Роман Горького «Жизнь Клима Самгина»: Страница 231

Первая поездка по делам Союза вызвала у Самгина достаточно неприятное впечатление, но все же он считал долгом своим побывать ближе к фронту и, если возможно, посмотреть солдат в их деле, в бою.

И вот он сидит на груде старых шпал, в тени огромного дерева с мелкими листьями, светло-зелеными с лицевой стороны, оловянного цвета с изнанки. Эти странные, легкие листья совершенно неподвижны, хотя все вокруг охвачено движением: в мутноватом небе ослепительно и жарко тает солнце, освещая широкую кочковатую равнину. Ее с одной стороны ограничивает невысокая песчаная насыпь железной дороги, с другой – густое мелколесье, еще недавно оно примыкало вплоть к насыпи, от него осталось множество пней разной высоты, они торчат по всей равнине.

В сотне шагов от Самгина насыпь разрезана рекой, река перекрыта железной клеткой моста, из-под него быстро вытекает река, сверкая, точно ртуть, река не широкая, болотистая, один ее берег густо зарос камышом, осокой, на другом размыт песок, и на всем видимом протяжении берега моются, ходят и плавают в воде солдаты, моют лошадей, в трех местах – ловят рыбу бреднем, натирают груди, ноги, спины друг другу теплым, жирным илом реки. Солдат еще больше, чем пней и кочек, их так много, что кажется: если они лягут на землю, земля станет невидимой под ними. В одном месте на песке идет борьба, как в цирке, в другом покрывают крышу барака зелеными ветвями, вдали, почти на опушке леса, разбирают барак, построенный из круглых жердей. Палатки, забросанные ветвями деревьев, зелеными и жухлыми, осенних красок, таких ветвей много, они втоптаны в сырую землю, ими выложены дорожки между пней и кочек. Дымят трубы полковых кухонь, дымят костры. Самгин насчитал восемь костров, затем – одиннадцать и перестал считать, были еще и маленькие костры, на них кипятились чайники, около них сидели солдаты по двое, трое. Они в белых и сероватых рубахах, очень много совсем нагих чинит белье. Заметно было, что многие солдаты бродят одиноко, как бы избегая общения. Дым, тяжело и медленно поднимаясь от земли, сливается с горячим, влажным воздухом, низко над людями висит серое облако, дым напитан запахами болота и человечьего навоза. Люди кричат, их невнятные крики образуют тоже как бы облако разнообразного шума, мерно прыгает солдатская маршевая песня, уныло тянется деревенская, металлически скрипят и повизгивают гармоники, стучат топоры, где-то учатся невидимые барабанщики, в трех десятках шагов от насыпи собралось толстое кольцо, в центре его двое пляшут, и хор отчаянно кричит старинную песню:

Деревенски мужики –Хамы, свиньи, дураки.Эх, – ка́лина, эх, – ма́лина.Пальцы режут, зубы рвут.В службу царскую нейдут.Не хочут! Калина, ой – малина.
Дирижирует хором прапорщик Харламов. Самгин уже видел его, говорил с ним. Щеголеватый читатель контрреволюционной литературы и любитель остреньких неблагонадежных анекдотов очень похудел, вытянулся, оброс бородой неопределенной окраски, но не утратил своей склонности к шуточкам и клоунадам.
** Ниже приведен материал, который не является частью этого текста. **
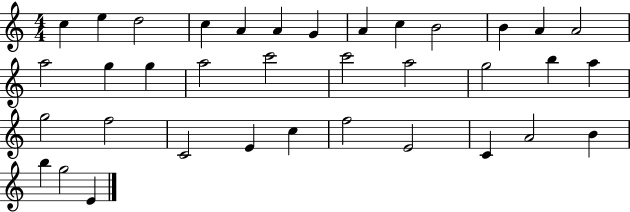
{
  \clef treble
  \numericTimeSignature
  \time 4/4
  \key c \major
  c''4 e''4 d''2 | c''4 a'4 a'4 g'4 | a'4 c''4 b'2 | b'4 a'4 a'2 | \break a''2 g''4 g''4 | a''2 c'''2 | c'''2 a''2 | g''2 b''4 a''4 | \break g''2 f''2 | c'2 e'4 c''4 | f''2 e'2 | c'4 a'2 b'4 | \break b''4 g''2 e'4 | \bar "|."
}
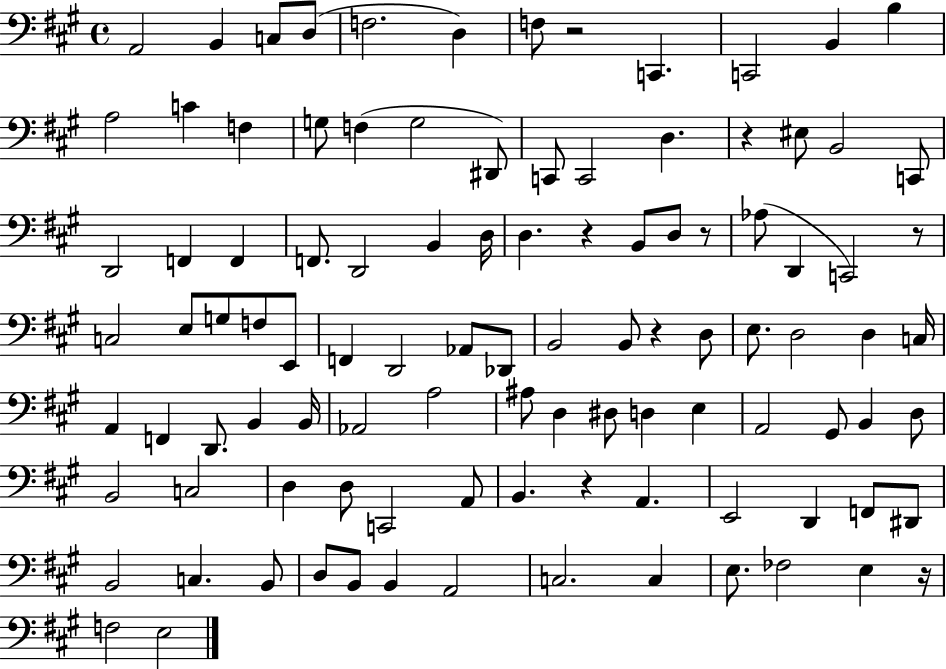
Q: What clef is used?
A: bass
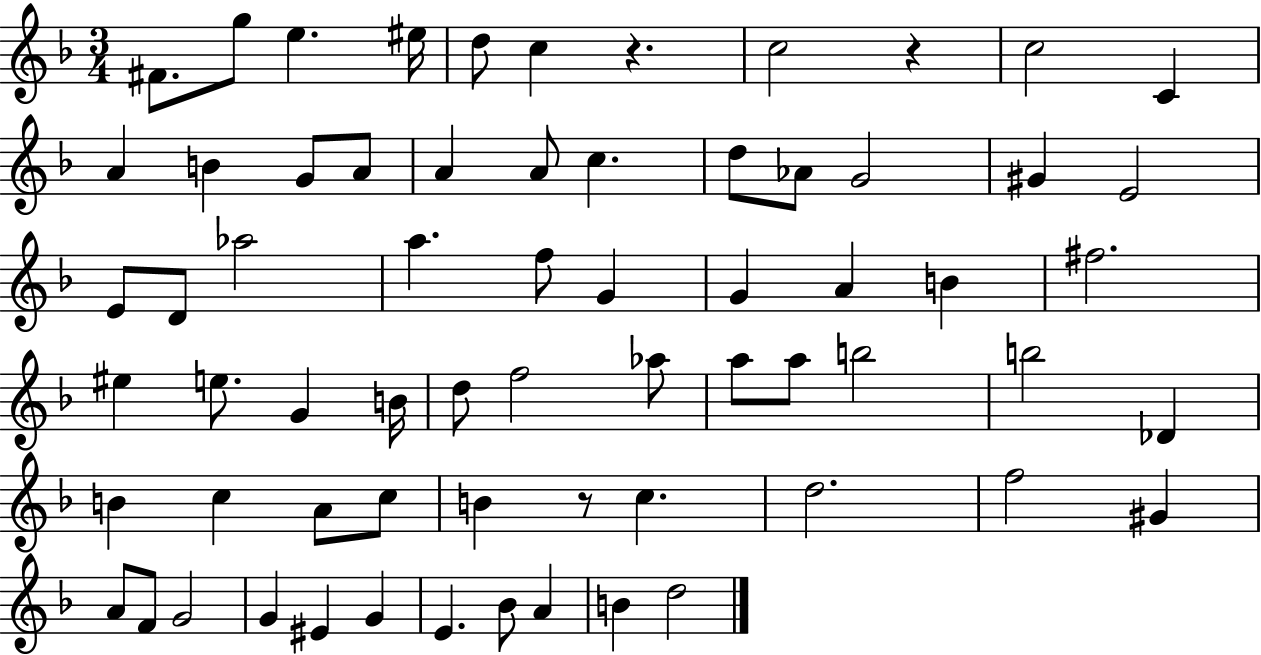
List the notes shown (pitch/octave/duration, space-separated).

F#4/e. G5/e E5/q. EIS5/s D5/e C5/q R/q. C5/h R/q C5/h C4/q A4/q B4/q G4/e A4/e A4/q A4/e C5/q. D5/e Ab4/e G4/h G#4/q E4/h E4/e D4/e Ab5/h A5/q. F5/e G4/q G4/q A4/q B4/q F#5/h. EIS5/q E5/e. G4/q B4/s D5/e F5/h Ab5/e A5/e A5/e B5/h B5/h Db4/q B4/q C5/q A4/e C5/e B4/q R/e C5/q. D5/h. F5/h G#4/q A4/e F4/e G4/h G4/q EIS4/q G4/q E4/q. Bb4/e A4/q B4/q D5/h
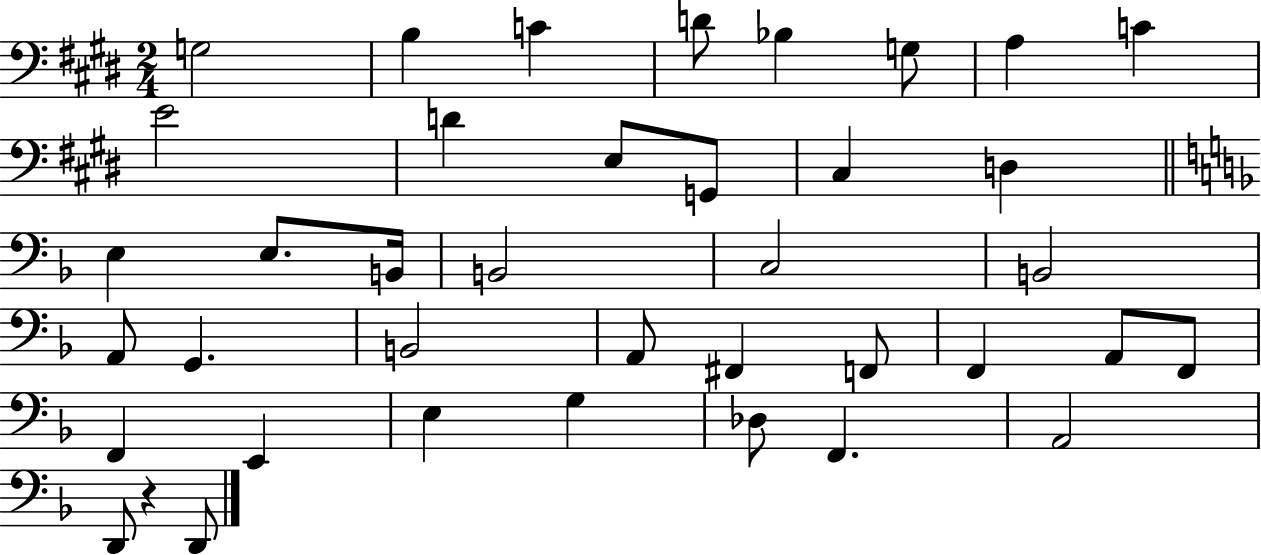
G3/h B3/q C4/q D4/e Bb3/q G3/e A3/q C4/q E4/h D4/q E3/e G2/e C#3/q D3/q E3/q E3/e. B2/s B2/h C3/h B2/h A2/e G2/q. B2/h A2/e F#2/q F2/e F2/q A2/e F2/e F2/q E2/q E3/q G3/q Db3/e F2/q. A2/h D2/e R/q D2/e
– Упражняюсь в патриотизме, – ответил он на вопрос: как чувствует себя?

– Воюете?

– В непосредственную близость с врагом не вступал. Сидим в длинной мокрой яме и сообщаемся посредством выстрелов из винтовок. Враг предпочитает пулеметы и более внушительные орудия истребления жизни. Он тоже не стремится на героический бой штыками и прикладами, кулаками.

Говоря в таком глумливом и пошловатом тоне, он все время щурился, покусывал губы. Но иногда между плоских фраз его фельетонной речи неуместно, не в лад с ними, звучали фразы иного тона.

– Моя роль сводится к наблюдению за людями, чтоб они строго исполняли свои обязанности: не говорили глупостей, стреляли – когда следует, не дезертировали.

– А – дезертируют?

– Представьте – весьма охотно и зная, что за это расстреливают.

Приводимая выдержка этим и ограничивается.